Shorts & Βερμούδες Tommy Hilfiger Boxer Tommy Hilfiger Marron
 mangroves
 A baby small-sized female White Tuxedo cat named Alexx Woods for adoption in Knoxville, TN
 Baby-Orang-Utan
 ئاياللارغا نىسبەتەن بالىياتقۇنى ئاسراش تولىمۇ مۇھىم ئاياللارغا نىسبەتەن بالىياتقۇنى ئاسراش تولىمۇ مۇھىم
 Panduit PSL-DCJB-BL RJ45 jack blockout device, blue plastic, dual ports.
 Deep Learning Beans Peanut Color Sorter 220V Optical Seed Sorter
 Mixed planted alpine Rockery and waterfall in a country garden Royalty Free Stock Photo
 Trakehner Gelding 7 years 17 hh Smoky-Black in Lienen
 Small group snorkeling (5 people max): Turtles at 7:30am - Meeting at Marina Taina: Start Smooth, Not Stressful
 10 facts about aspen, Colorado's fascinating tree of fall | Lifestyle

_TO DO_
All lines from the one that contains "Panduit PSL-DCJB-BL RJ45" through the end of the material are to be quoted exactly, with both ends included.

_RESPONSE_
 Panduit PSL-DCJB-BL RJ45 jack blockout device, blue plastic, dual ports.
 Deep Learning Beans Peanut Color Sorter 220V Optical Seed Sorter
 Mixed planted alpine Rockery and waterfall in a country garden Royalty Free Stock Photo
 Trakehner Gelding 7 years 17 hh Smoky-Black in Lienen
 Small group snorkeling (5 people max): Turtles at 7:30am - Meeting at Marina Taina: Start Smooth, Not Stressful
 10 facts about aspen, Colorado's fascinating tree of fall | Lifestyle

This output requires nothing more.